There’s a myriad of things I don’t understand. Matter of fact, they’d make a rather long book.


Rugby. Channel-surfing, I happened upon a World Rugby Women's Sevens Series match. Watching the football-without-equipment knockabout was interesting, but I didn’t (don’t) have a clue about the rules governing play. Obviously, each team was trying to get a chubby, oversize, white football across a goal line, but strategy, penalties, and regulations eluded me. Something called a scrum (heads down; bums up; looking for something in the grass) happened now and them, but the why excludes me. Maybe someday when I’ve nothing else to do I’ll look up the rules.


NFTs. I learned that it stands for non-fungible token. I don’t even know what fungible means. The almighty internet informed me that at a very high level, most NFTs are part of the Ethereum blockchain. Ethereum is a cryptocurrency, like bitcoin or dogecoin, but its blockchain also supports these NFTs, which store extra information that makes them work differently from, say, an ETH coin. Well, thank you very much. Please pass the Ben Franklins.

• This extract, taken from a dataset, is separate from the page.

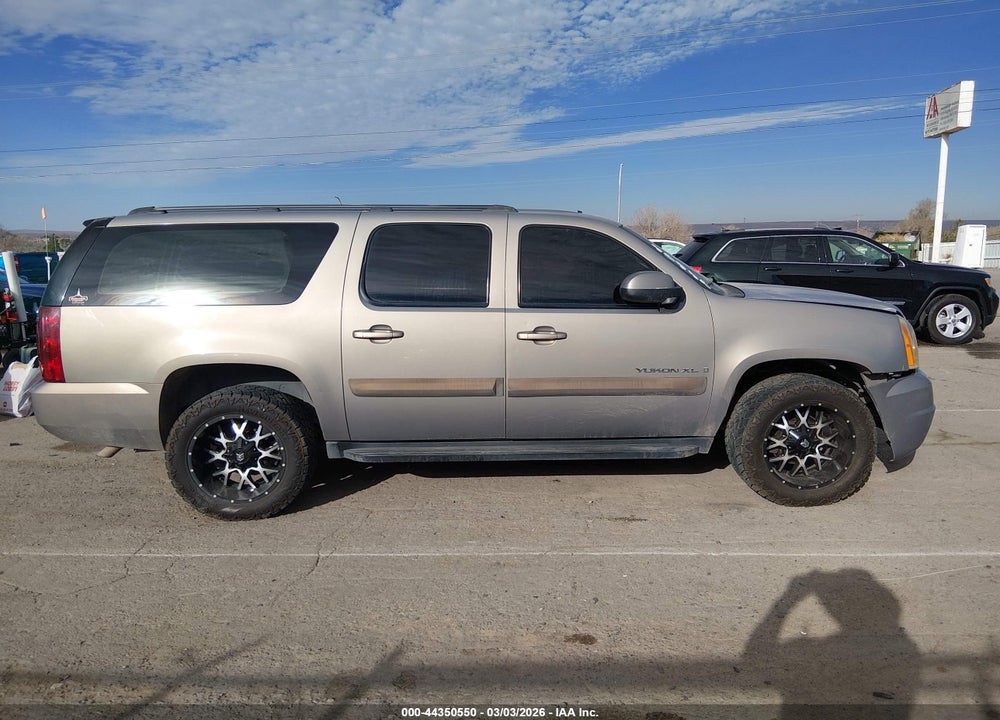 2007 GMC YUKON XL 1500 SLT VIN: 1GKFK16327J233155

Risk. A certain amount of risk provides life with some pizzaz. Certain types of risk raise the likelihood-of-death factor from possible to probable. For instance: free solo rock climbing (Marc-André Leclerc, one of the world’s best, died climbing at age 26); playing with king cobras (deaths from bites not uncommon); jumping out of an airplane without a parachute (in 2016 skydiver Luke Aikins made history when he jumped from 25,000 feet out of an airplane without a parachute, landing safely in a net, setting a world record. He also set a world record for stupidity) . . . to name a few.


Greed. Why does a billionaire feel the need for more? More money and/or more superfluous toys. Or why doesn’t a multi-billionaire use all that extra wealth to help people who are barely surviving? If a billionaire gives away a million a year (how generous!), that still leaves one with 999 million for oneself. If someone who garners a billion annually gives away half of it, that still leaves one with 500 million for oneself. You’ll never convince me that anyone needs that much. Or has a right to that much.


Fried tarantulas. In Southeast Asia these are served as a deep-fried snack. I don’t want to take away this gastronomical pleasure from those for whom this might be the case, but I do not understand it. I don’t care how hungry I am or how good they might taste, I will munch on grass before chowing down on these big spiders. I understand that some people do, but I don’t understand why.


There you have it . . . a short list of five out of the five hundred (at least) things that confuse me. Perhaps if someday I gain understanding, you’ll find me munching spiders halfway up the side of El Capitan.